In the wake of widening publicity on its slow-pay and player-to-player restrictions, Lock Poker management broke its silence late Thursday with a website statement that advised:
"Through a detailed investigation over the past few weeks the Lock security team uncovered a large group of persons that were abusing the P2P transfer policy and creating a large network of mule accounts to move and withdraw funds without any play at all taking place.
"To deal with this situation a policy change was put into place to clear out the backlog of withdrawals by accounts with little to no play and increase the speed of withdrawals for players taking actual winnings.
"Lock has introduced a new cash-out policy for transferred funds which requires a player to accumulate at least 15 percent in GGR on the funds received via P2P transfer before these funds are cashed-out.
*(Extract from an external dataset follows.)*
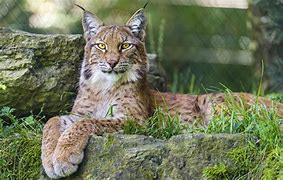 Image result for A Lynx Cat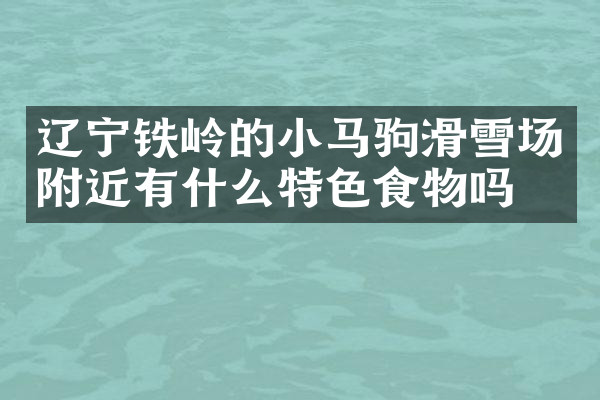 辽宁铁岭的小马驹滑雪场附近有什么特色食物吗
Put simply, for every $100 of transferred funds to be withdrawn, $15 of rake or fees will need to be accumulated beforehand.
"The policy change was put in place explicitly to put an end to money laundering via Lock's player transfers. Players withdrawing winnings are not affected.
"Lock will continue to process withdrawals and work to reduce all withdrawal delays over the coming weeks.
"A large amount of mis-information has been spread recently on various poker news sites and forum postings about player funds being lost in recent banking scandals; none of this is true."
Meanwhile, the publication Gambling911, which is seen in several quarters as supportive of Lock Poker, carried a short article detailing comments which appear to have been made in an exclusive interview with Lock CEO Jennifer Larson, but which has not yet been fully published.
The article quotes Larson as saying that her company is working to find new payment processors to speed up payment times, and that some improvement will soon become apparent.
Larson explained: “In terms of slow payouts there are a number of reasons for this. There was a group of people who were buying and cashing out players bankrolls and not playing at all – this was a large volume and was causing legitimate players' cash outs to be delayed, as the scheme was using accounts incorrectly marked as belonging to affiliates.
“The other main reason is that Lock [is] one of the largest poker sites that continues to serve players in the US. This means that all Lock payments processors must be discreet as the DOJ has shown repeatedly that it likes to seize the players’ funds."
That in itself raises questions as to how Lock Poker and its Revolution network has managed to evade DoJ action despite openly attracting US punters.
Larson uses a pipe analogy to explain that the enterprise has the money but not enough pipes to get it through to players timeously in the United States. Again, that does not explain delays in payments to non-US players.
The feeling that Lock Poker is in damage control mode, and there may be more going on in the background than is at present apparent, is inescapable. For example, the company's denial that it was impacted by the Cyprus banking scandal is questionable, given that one of its major payment processors is registered in that location.